> **DATA SECTION**:
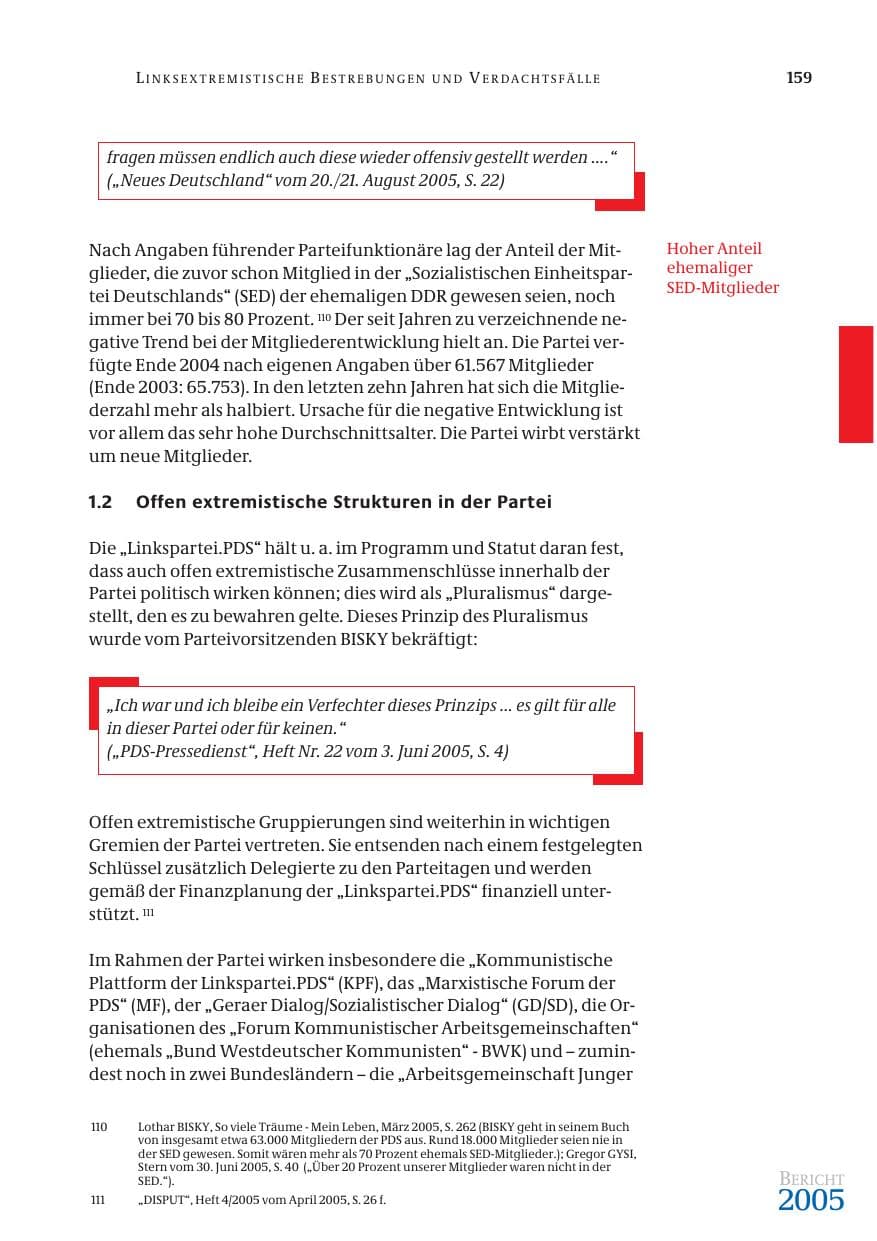 Seite 160 des Verfassungsschutzbericht 2005 Bund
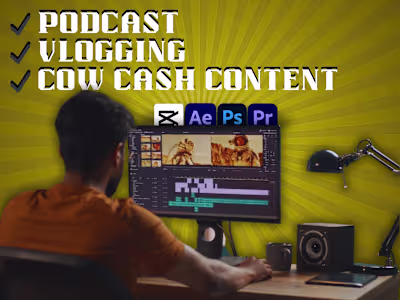Long-Form Video Editor | Podcast | Vlogging | Cow Cash Content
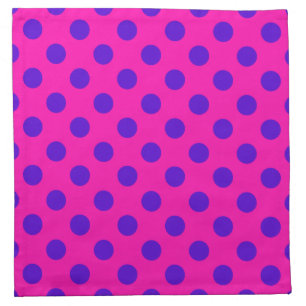 Blue polka dots on fuchsia cloth napkin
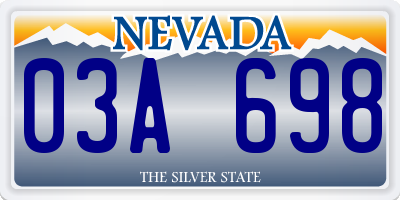 NV license plate 03A698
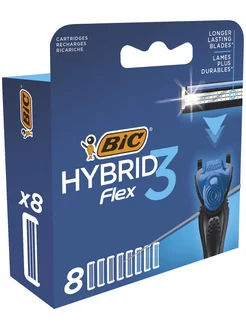 Кассеты для бритвы Бик Flex 3 Hybrid 8шт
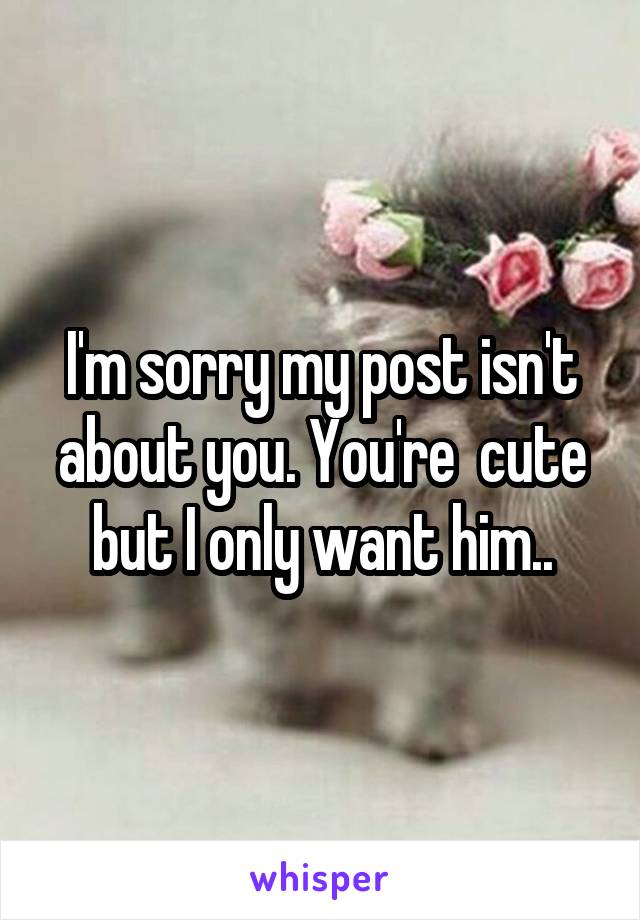 I'm sorry my post isn't about you. You're  cute but I only want him..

> **TASK STATEMENT**:
Give the listing above again word for word, without its pictures.

> **TASK RESPONSE**:
 Seite 160 des Verfassungsschutzbericht 2005 Bund
Long-Form Video Editor | Podcast | Vlogging | Cow Cash Content
 Blue polka dots on fuchsia cloth napkin
 NV license plate 03A698
 Кассеты для бритвы Бик Flex 3 Hybrid 8шт
 I'm sorry my post isn't about you. You're  cute but I only want him..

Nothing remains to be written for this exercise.